Sometimes it’s best to let a place speak for itself. This is the case for Michigan institution Cloverleaf Pizzawhich notes: "In 1946 pizza wasn’t being served at many places in Detroit, but soon many took their first bite of what is now famously known as Detroit-style pizza when Cloverleaf founder Gus Guerra and his wife Anna (Passalacqua) first introduced her mother’s recipe — the thick-crusted, square pie topped first with a layer of cheese followed with a layer of tomato sauce — at their first bar Buddy’s Rendezvous. Gus Guerra sold Buddy’s in 1953 along with his pizza recipe and purchased Cloverleaf Bar in East Detroit, now known as the City of Eastpointe. Cloverleaf has grown from a small neighborhood bar which Gus described as looking like “a little white farm house” into the Eastside institution it is today." Although they have 13 mouthwatering specialty pizzas, order pepperoni, the locals’ favorite. 

Some might say that TOMATOES APIZZA owner Mike Weinstein is a Connecticut food ambassador to Michigan; even the eatery’s website states “When you’re inside a TOMATOES APIZZA location, consider yourself to be visiting ‘an Embassy of New Haven.’” That’s because after graduating from The Culinary Institute of America, Weinstein studied how to spin great pies from pizza legend Lou Abate of the famous Abate’s Pizza in — you guessed it — New Haven.
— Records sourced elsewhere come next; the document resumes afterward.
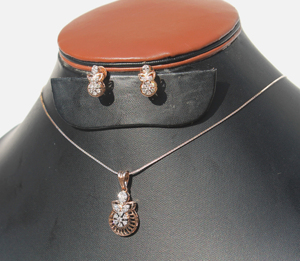 Ensemble de colliers avec pendentif en diamant naturel en or rose 18 carats Certifié IGI Bijoux fins et authentiques Cadeau de fiançailles de mariée élégant - Product Image 2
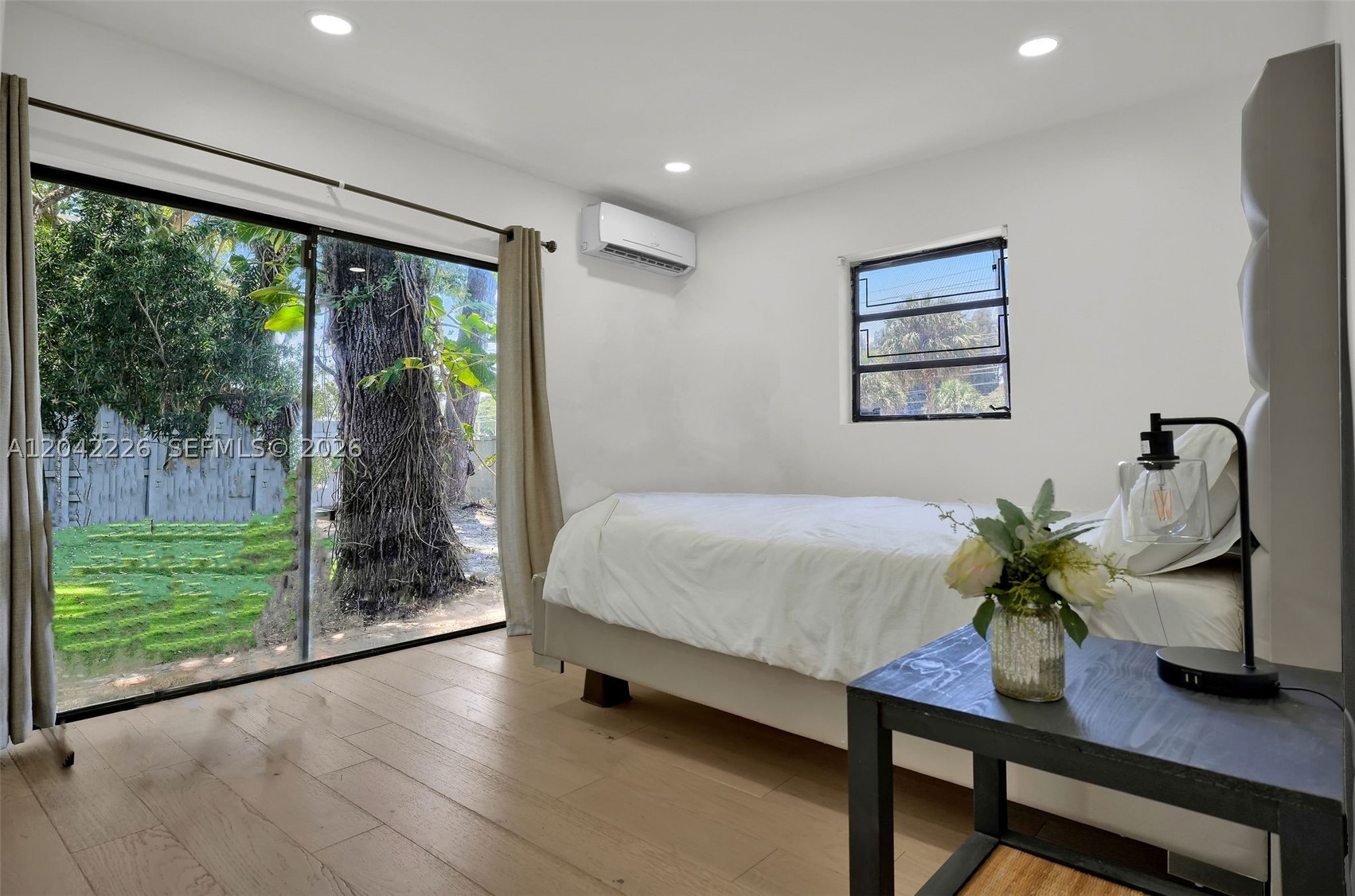 STIRLING OAKS ESTATES - Residential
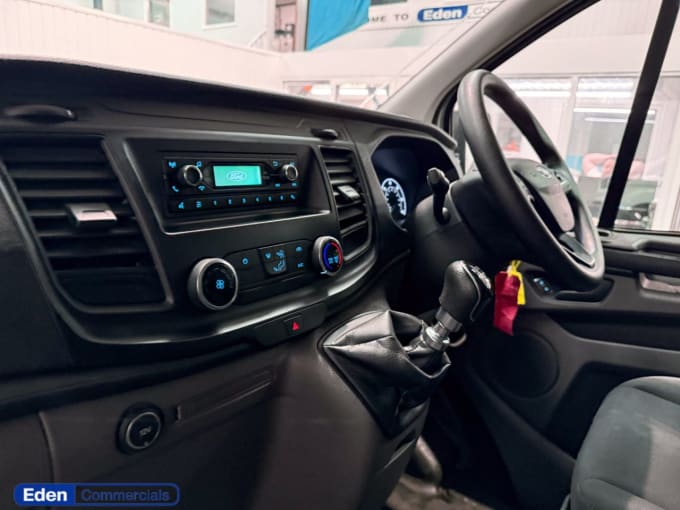 2025 Ford Transit Custom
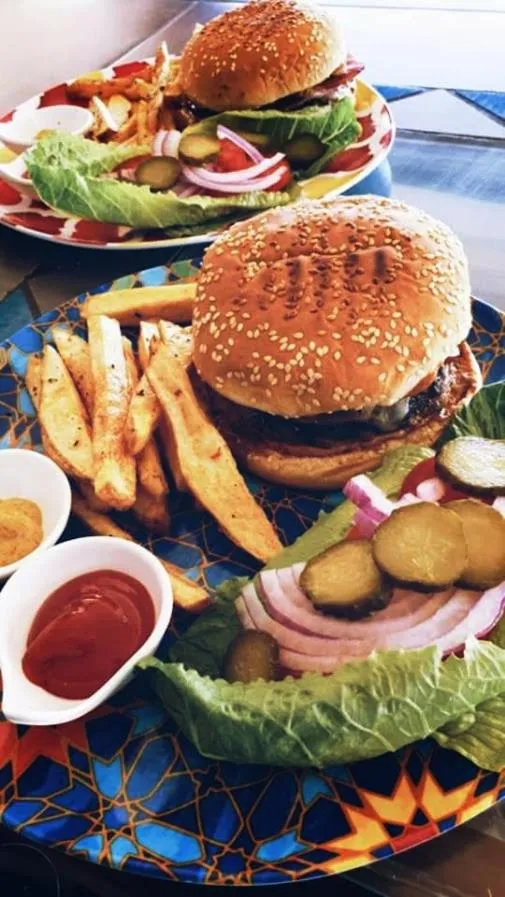 Restaurant/places to eat in Villa Star of the Sea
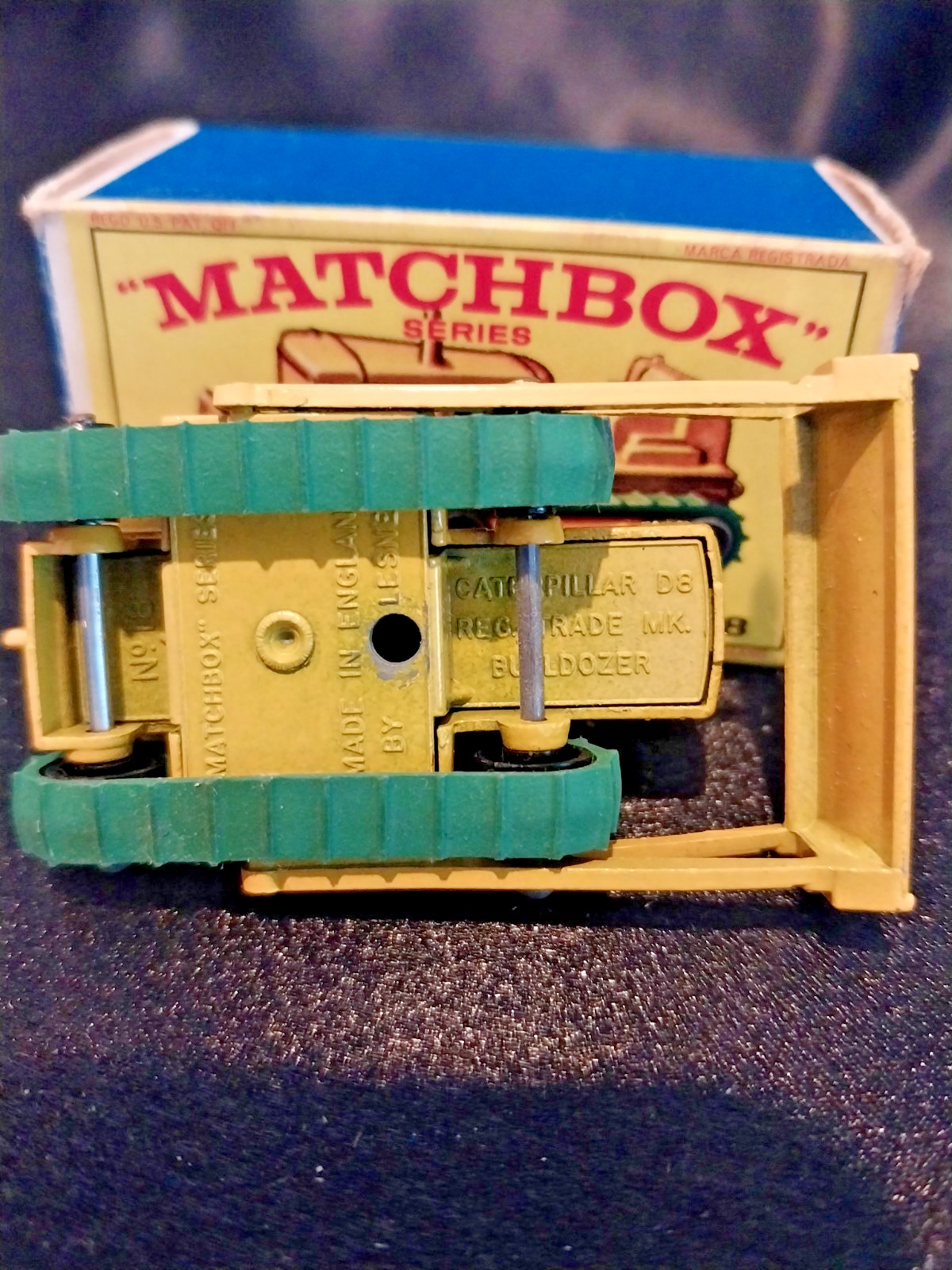 Matchbox Lesney Caterpillar D8 Bulldozer No 18 – New- Original box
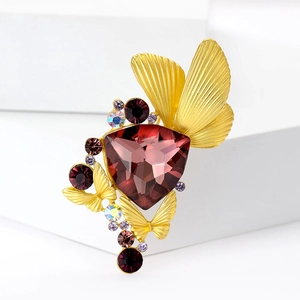Vintage Alloy Butterfly Brooch For Women Elegant Purple Rhinestone Inlaid Pin Matte Gold Jewelry Accessory For Dress Suit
The chef isn’t afraid to divulge his secrets, as he freely details exactly what makes his pizza so special: they import pecorino Romano and then age it, grind it, and age it some more. When they cheese is at its peak in flavor, they add chopped fresh oregano, and then sprinkle this mixture on each pie just before it is baked. 

There are two TOMATOES APIZZA locations in Farmington Hills; one has a brick oven, and the other has a coal-fired oven, a pizza-firing technique that Weinstein is credited for bringing to Michigan. If you visit the more traditional brick oven outpost, try the local-favorite Naples Sampler that’s one quarter of their classic recipe with one topping of your choice, one quarter white, one quarter green, and one quarter with fresh mozzarella. Want to try his coal-fired oven technique? Be sure to taste either their white pie or a classic with pepperoni.